Your instructions —
Your reply must hold the lines from the one containing "Dutch Decor - NIELS" to the end of the entries, copied exactly, with pictures excluded.
Start of Information provided
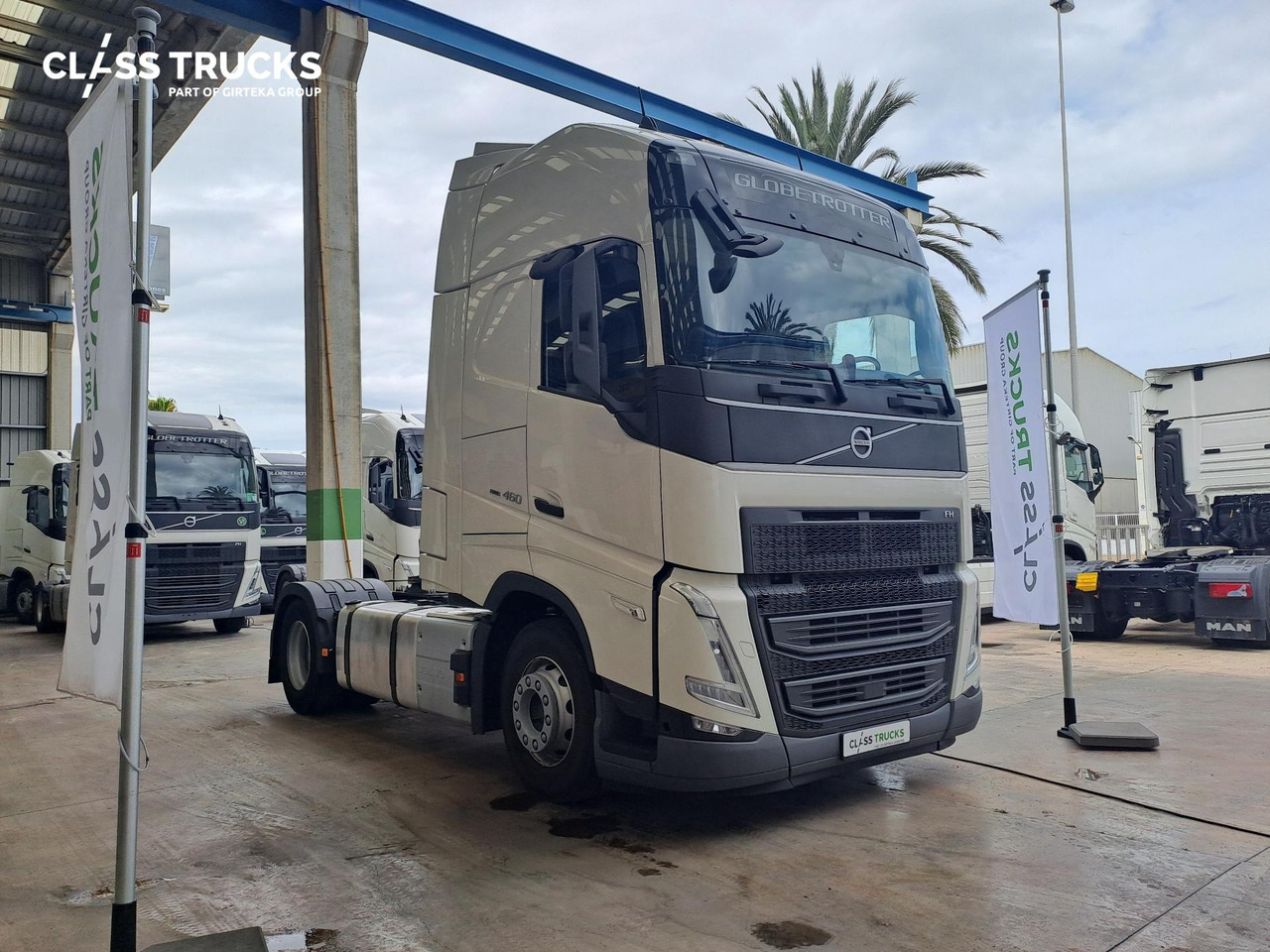 Volvo FH 460 Globetrotter XL Retarder i-Save - Cabeza tractora: foto 4 Volvo FH 460 Globetrotter XL Retarder i-Save - Cabeza tractora: foto 4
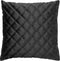 Dutch Decor - NIELS - Sierkussen velvet Raven 45x45 cm - zwart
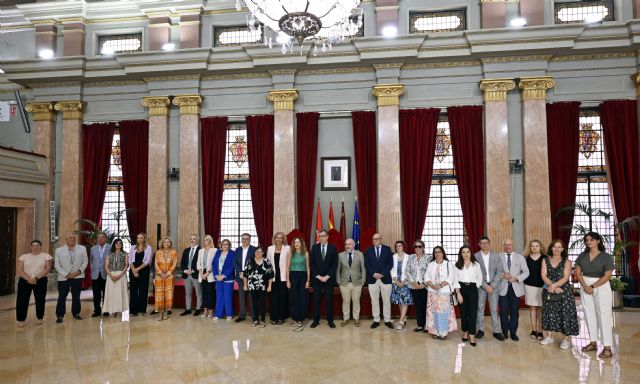 Murcia acoge la reunión estatal del Cermi en el marco del 1200 aniversario de la ciudad - 2, Foto 2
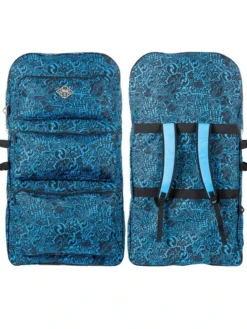 Two Bare Feet Lagoon Triple Bodyboard And Bag Bundle (Choice Of 33", 37", 41", 42", 44") 13 Two Bare Feet Lagoon Triple Bodyboard And Bag Bundle (Choice Of 33", 37", 41", 42", 44") -Surfboards Sales triple blue bag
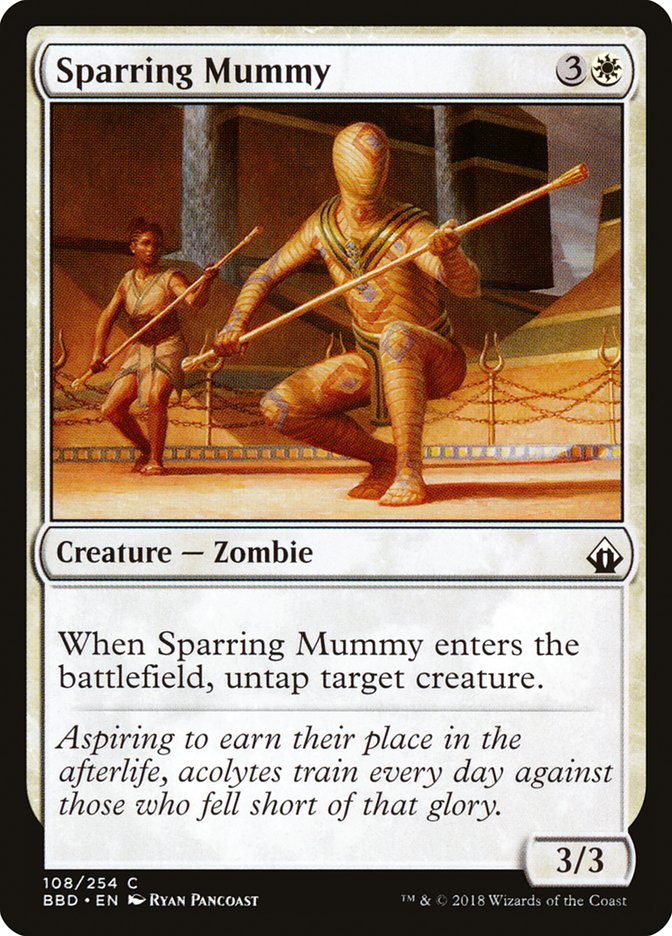 Sparring Mummy [Battlebond] | GrognardGamesBatavia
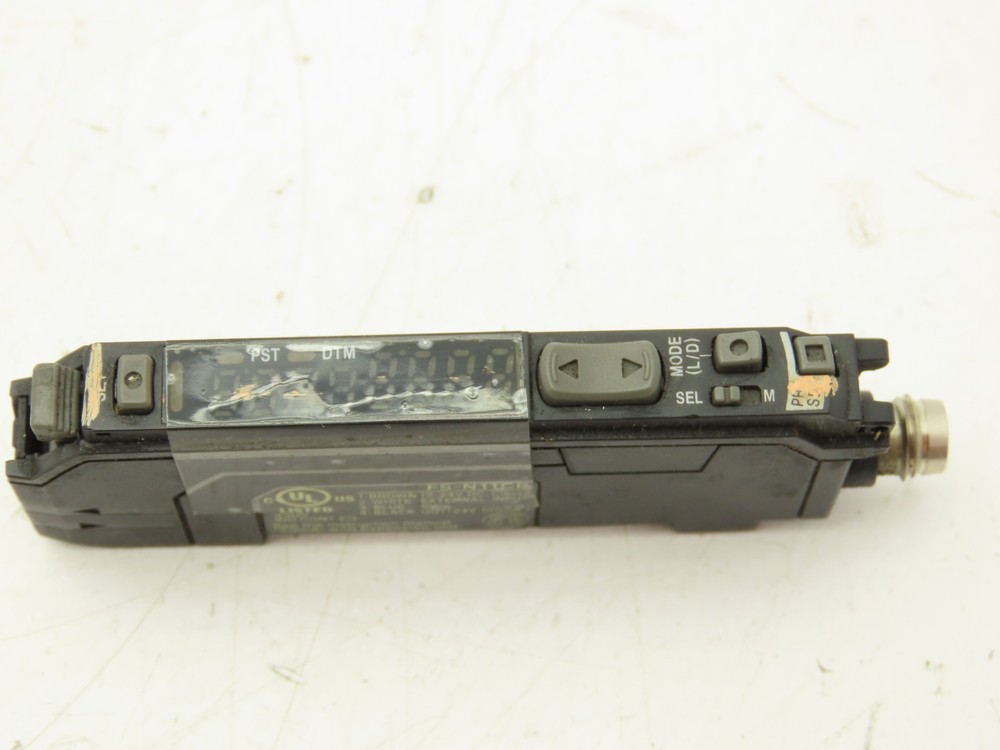 Keyence FS-N11CP Fiber Optic Sensor Amplifier
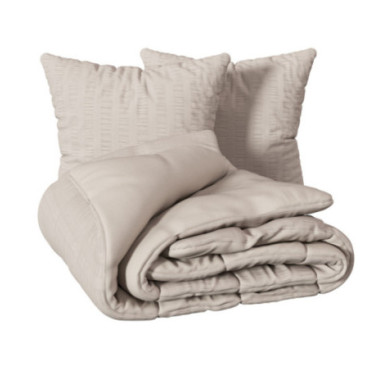 PARURE DE LIT IRHIA BEIGE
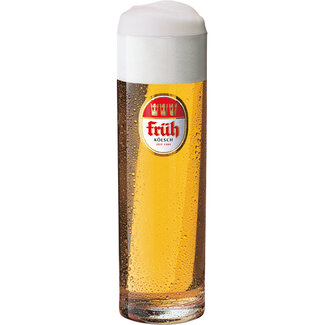 Cölner Hofbräu Früh Früh Kölsch Stange Bierglas 20cl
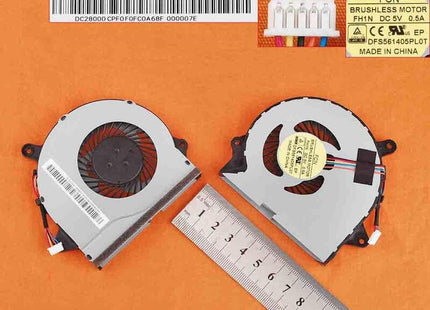 Ventilador Para Portátil Lenovo Ideapad 300-14isk 300-15isk Dfs561405pl0t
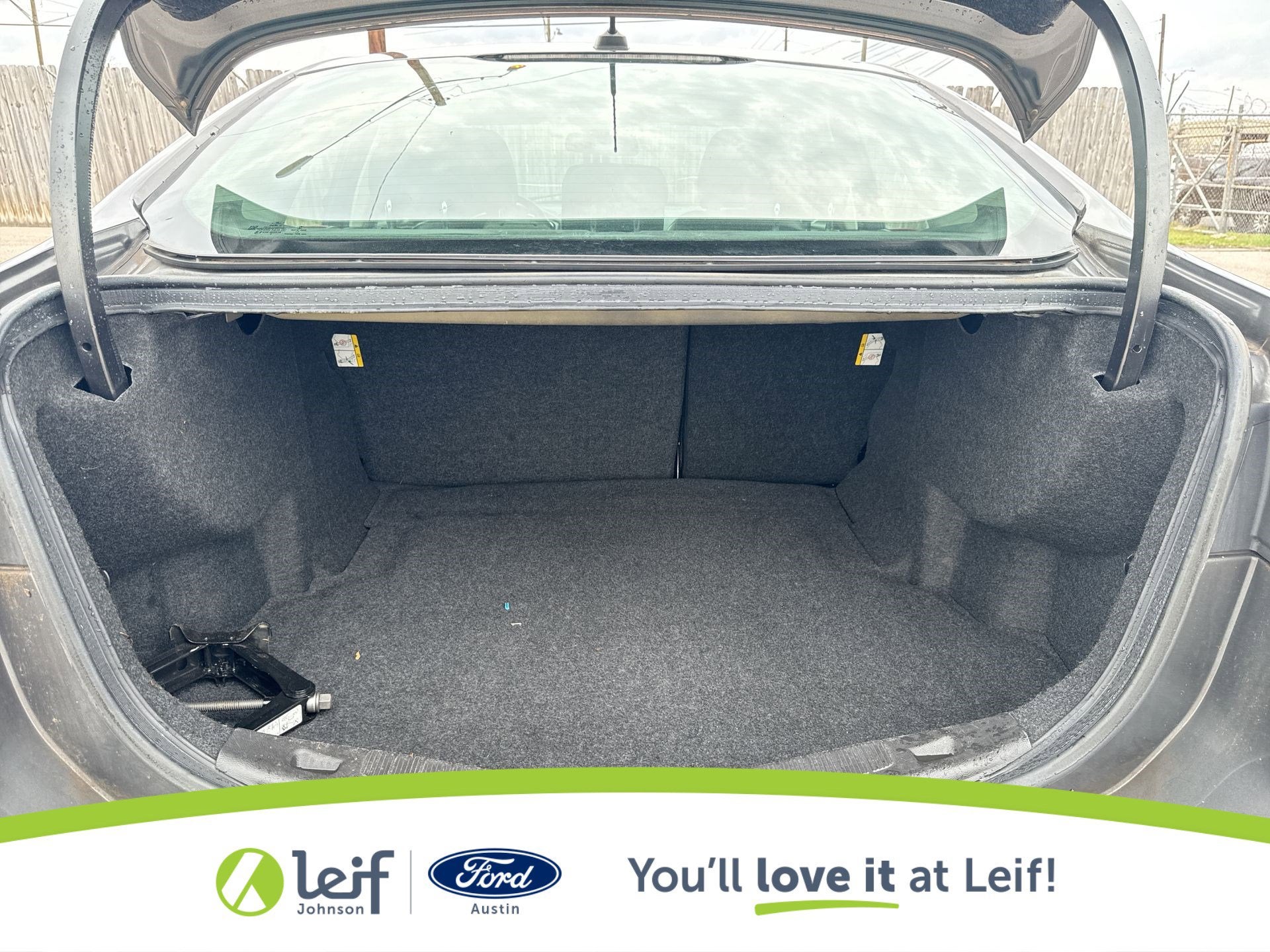 2016 Ford Fusion Titanium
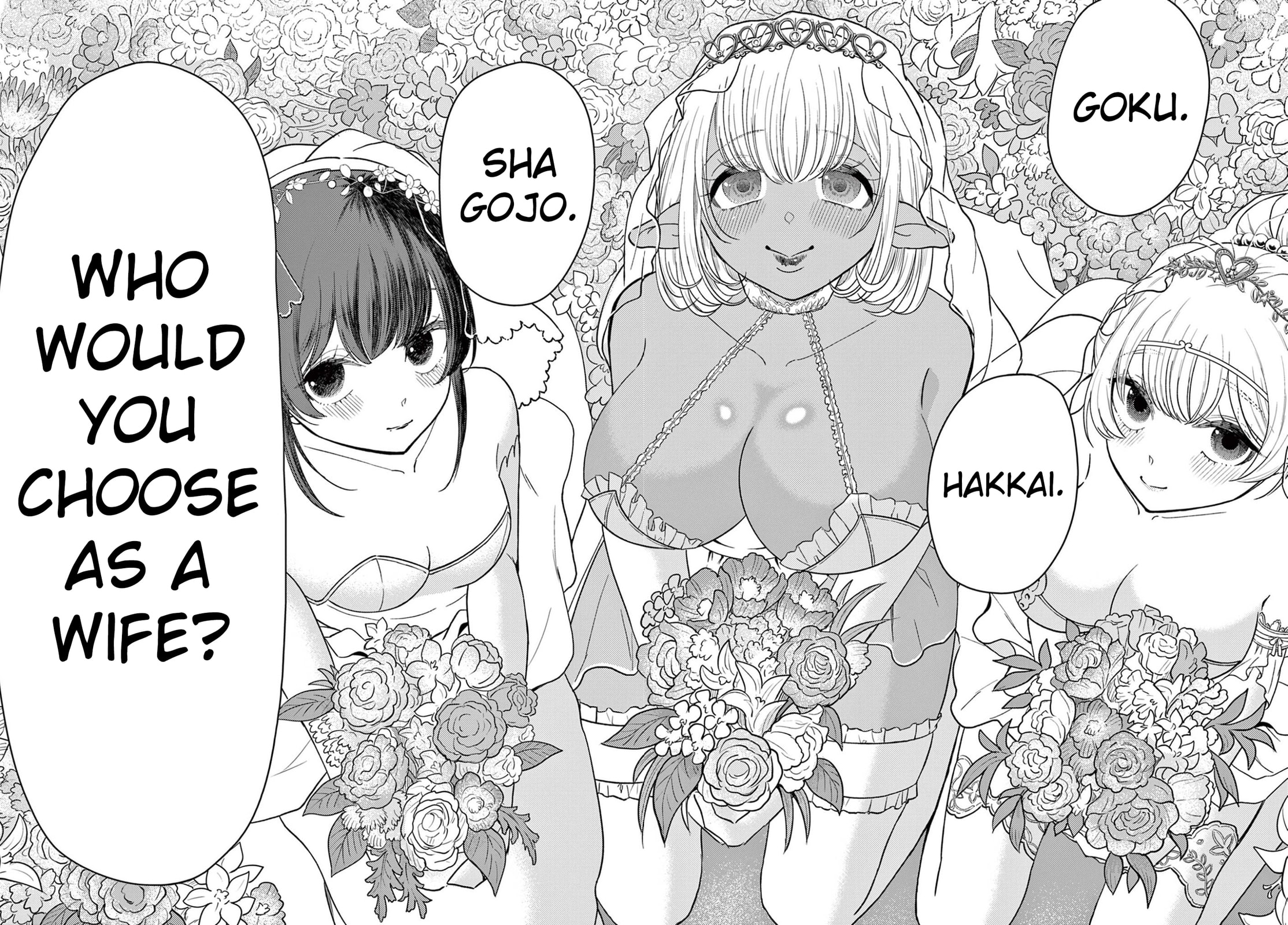 Read Bonnou☆Saiyuuki chapter 71 image 24 on Lezhin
End of Information provided
Result of the exercise —
 Dutch Decor - NIELS - Sierkussen velvet Raven 45x45 cm - zwart
 Murcia acoge la reunión estatal del Cermi en el marco del 1200 aniversario de la ciudad - 2, Foto 2
 Two Bare Feet Lagoon Triple Bodyboard And Bag Bundle (Choice Of 33", 37", 41", 42", 44") 13 Two Bare Feet Lagoon Triple Bodyboard And Bag Bundle (Choice Of 33", 37", 41", 42", 44") -Surfboards Sales triple blue bag
 Sparring Mummy [Battlebond] | GrognardGamesBatavia
 Keyence FS-N11CP Fiber Optic Sensor Amplifier
 PARURE DE LIT IRHIA BEIGE
 Cölner Hofbräu Früh Früh Kölsch Stange Bierglas 20cl
 Ventilador Para Portátil Lenovo Ideapad 300-14isk 300-15isk Dfs561405pl0t
 2016 Ford Fusion Titanium
 Read Bonnou☆Saiyuuki chapter 71 image 24 on Lezhin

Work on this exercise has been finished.